RE: Janda : antara harapan dan tantangan
Dalam kasus perceraian dan membuat seorang menjadi janda dan pria menjadi duda, sering muncul ke permukaan adalah pandangan kaum feminisme, pembelaan terhadap perempuan sering dibuat serampangan dengan menonjolkan bahwa perempuan itu mandiri dan bisa tampil lebih baik dari pria. Namun disisi lain ternyata pendapat ini menjadi bias karena menyatakan mandiri dan kuat saja tidak cukup. Asas perceraian itu adalah dilakukan dalam keadaan darurat atau solusi hukum dalam rangka menyelematkan hal yang lebih besar (maqashid al-syar'iyah) seperti nyawa, keturunan, agama dan harta, tidak hanya sebatas mempertahankan hak hukum dengan permasalahan sepele.

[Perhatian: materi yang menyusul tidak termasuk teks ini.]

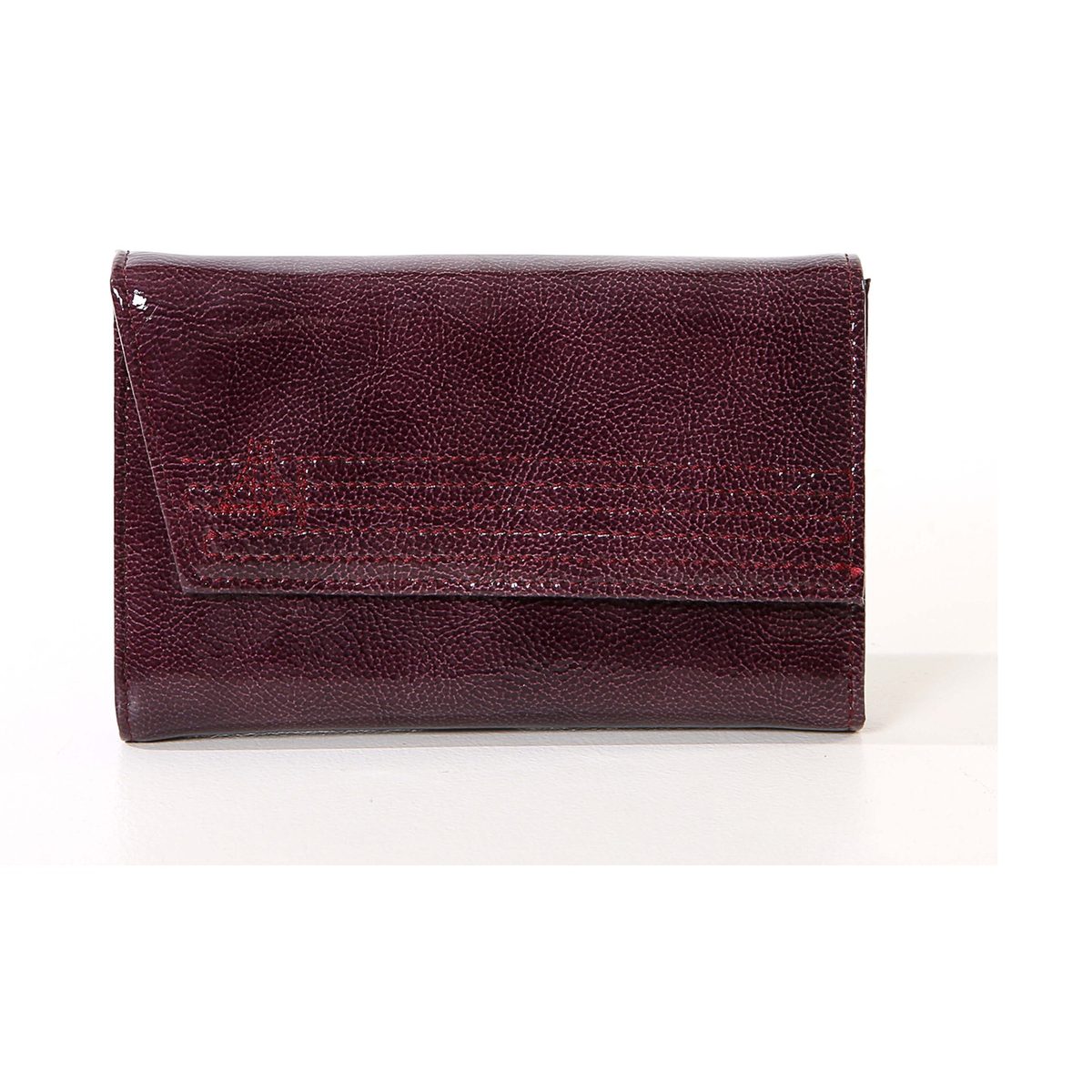 4NIGHT'S 6154 RING Wallet - Bordeaux V Leather Wallet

Menyalahkan budaya patriakhi sebagai biang pelemahan derajat kaum perempuan tidak sepenuhnya juga benar, karena buktinya budaya patriarkhi telah ada sejak dulu dan tidak menyumbang angka perceraian dalam skala besar seperti sekarang ini. Lihat saja perkara di PA Cimahi yang meningkat tajam. Data perceraian pada tahun 2015 mencapai 9.658 kasus, tahun 2016 sebanyak 11.426 kasus, dan tahun 2017 sebanyak 11.935 kasus. Kalau yang menikah 400 maka yang cerai 500 dan Pemicu utama hancurnya rumah tangga kebanyakan akibat faktor ekonomi. Kemudian karena pihak ke tiga, percekcokan rumah tangga, kekerasan rumah tangga (KDRT), pengaruh gadget, dan perselingkuhan. Ekonomi menempati posisi pertama dan kaum pria adalah rata-rata pencari nafkah utama dalam sebuah keluarga. Agak aneh ketika kaum feminis menyatakan bahwa kami terzalimi oleh laki-laki namun disisi lain mereka tergantung kepada laki-laki atau tidak menjadi patner dalam mencari nafkah.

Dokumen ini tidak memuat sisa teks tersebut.